When Mats Eriksson was just starting off as a nurse in the neonatal intensive care unit in the 1980s, he truly hated one part of his job. To draw blood for the daily metabolic test, he had to prick the babies’ heels with a tiny lancet and squeeze their heels to collect enough blood for analysis. It was hard to do, and hard to watch.
“The children were crying; the mothers almost fainted,” he says. “I was sweaty all over. It was a really tough job for everyone. And we had nothing to offer.”
By anything to offer, he means drugs to treat the infants’ apparent pain. Strong drugs like morphine can be dangerous for such young bodies. Even everyday drugs like Tylenol and Advil can be harmful to use in infants because of their potential impacts on the liver and kidneys.
But a bigger reason why was more frustrating. “In those days, we did not believe that they could feel pain,” Eriksson says of infants. “We could see it, of course, but science said ‘no.’”
The NICU (neonatal intensive care unit) is where infants who are born prematurely — meaning infants born before 37 weeks of pregnancy — and full-term infants (who are born around 39 or 40 weeks) with health issues spend the first weeks and, often, months of their lives. Every day, they encounter painful pricks and prods from hospital staff to monitor them and keep their frail bodies alive. Eriksson recalls that even when the children needed invasive procedures like open-heart surgeries, they were done without any anesthesia or pain medication.
Since then, a lot of progress has been made in recognizing that premature babies in the NICU can feel pain — and, more importantly, that the pain matters.
Even though the infants will not remember the distress, it’s believed these painful experiences add up to something like a lasting psychological injury, impacting brain development and their ability to regulate emotions later in life.
But how to treat this pain — and even how to recognize it in the moment, as some preterm babies are too weak to cry? Those are still questions without perfect answers.
“We’ve been poor, and continue to be poor, at recognizing pain and distress in our babies,” says Terrie Inder, the chair of pediatric newborn medicine at Brigham and Women’s Hospital in Boston. “And we don’t know how to treat it. That’s all absolutely true.”
But now scientists like Inder are asking: Could one solution be as simple as skin-to-skin contact — loving touch — from a parent? The experience of pain in the NICU seems to shadow children as they grow up, leaving them at increased risk for developmental challenges and behavioral struggles. If there really is a healing power in touch, “that could make a lifetime of difference,” Inder says.
From almost universal loss to survival
There’s a lot about treating some of the most vulnerable, tiniest humans on Earth that’s sad and frustrating. But let’s start with the good news: The NICU is a true modern miracle, a place where many waking nightmares turn into stories with happy endings.
Naomi Rendina experienced this for herself. Today, she’s a PhD medical historian. But 13 years ago, she was 22 years old and pregnant for the first time.
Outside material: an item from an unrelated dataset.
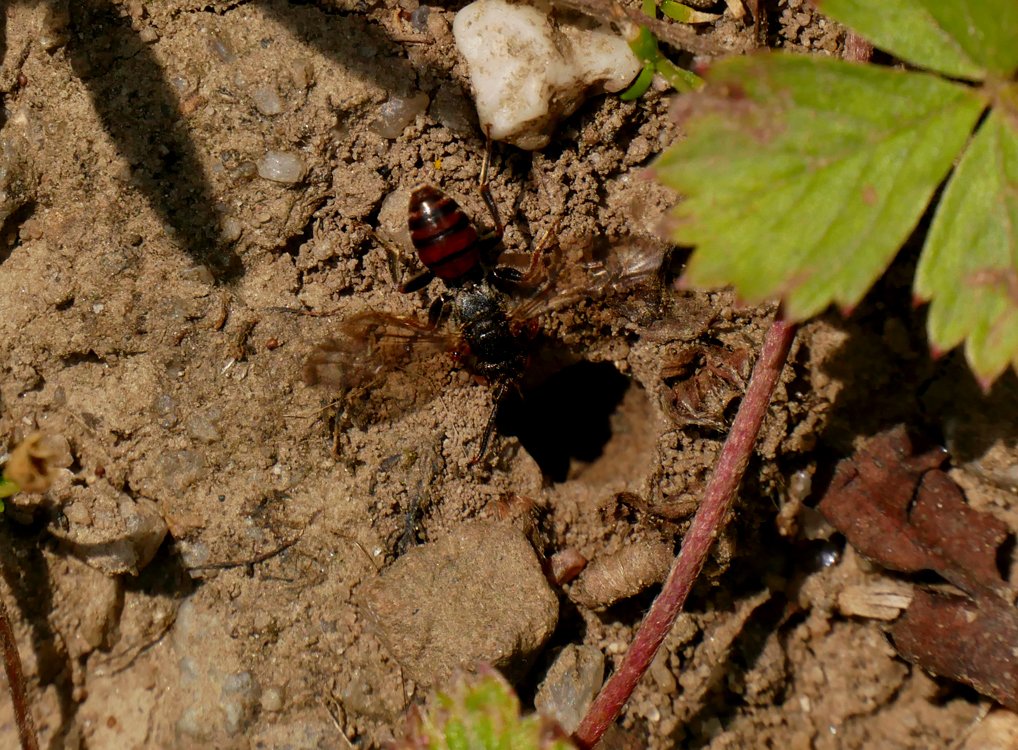 /Nomada fuscicornis u hnízdečka hostitele.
“I spent my whole life imagining what it was going to be like to be pregnant and what it was going to be like to be a mom,” Rendina says. When she got pregnant, she was so excited.
But when she was 30 weeks pregnant, she went in for a checkup. “It went very quickly from a very healthy, very normal pregnancy to a very dangerous, very scary pregnancy,” she says.
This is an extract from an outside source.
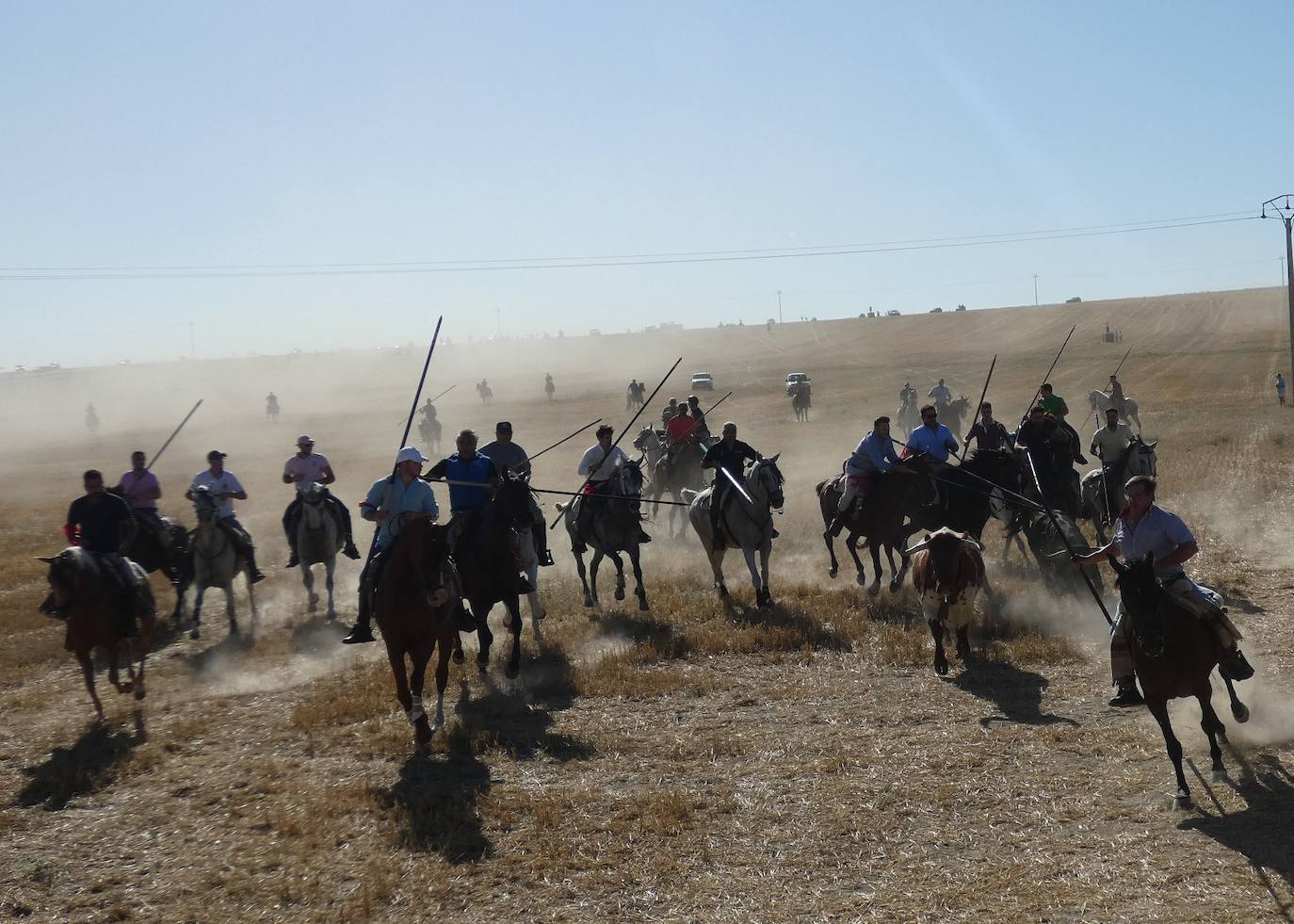 Cientos de jinetes en el XXI encierro campero de Macotera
Her blood pressure was high. That was just the start. She had preeclampsia, a dangerous condition that can in some cases be deadly. Her liver was creating enzymes that her kidney could not filter out. “And because of the proteins in the blood,” she says, “my heart was working exceptionally hard. My body couldn’t handle it.”
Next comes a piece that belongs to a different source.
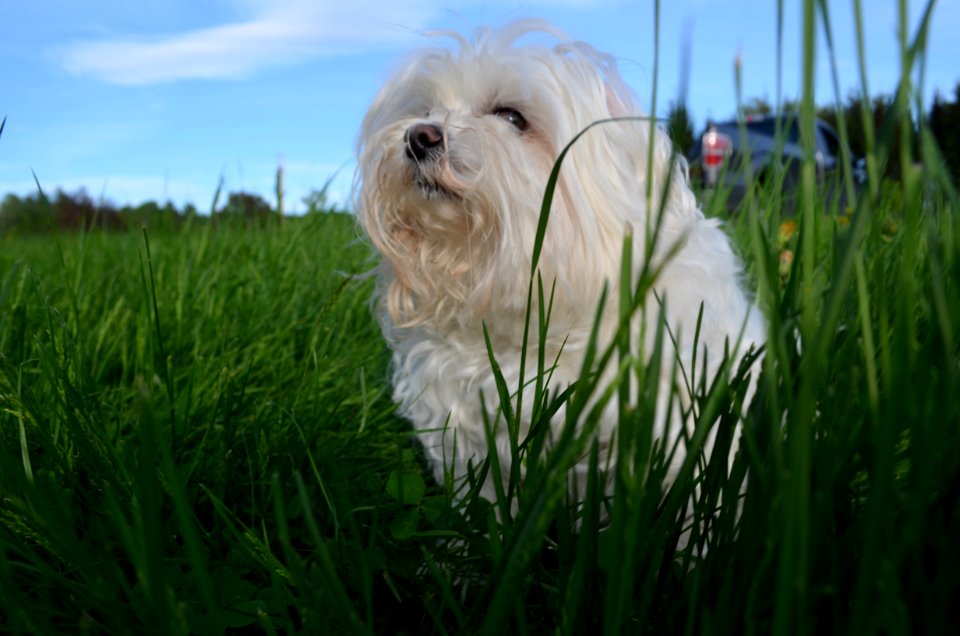 Dog Breed Maltese Grass Dog Like Mammal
Rendina’s life was at risk, and the only solution was to deliver her baby more than two months early. She was scared.
Rendina was taken to a nearby hospital, where she had an emergency C-section. There, the medical staff brought her daughter out backward, or, as Rendina puts it, “butt to the world.”
Rendina waited to hear a cry.
It was silent for what felt like the longest time.
But then, there it was. “But it wasn’t the scream of a newborn,” she says. “It sounded like the tiniest little kitten. It was so tiny, but it was there. She made that effort and she cried.”
The tiny voice was coming from a teensy 2-pound, 7-ounce body that needed help breathing for the first few hours of her life. “She looked like a baby, but without all the chonk,” Rendina says. She needed to grow.
That was the beginning of a 92-day hospital stay in the NICU until her daughter was strong and developed enough to go home. While the baby didn’t need any big, invasive surgeries, it wasn’t an easy experience. Every day, there were these pricks and prods like those Eriksson described to draw drawn from the baby’s heel. There were lots of intravenous needles placed into her veins, and sometimes the veins ruptured.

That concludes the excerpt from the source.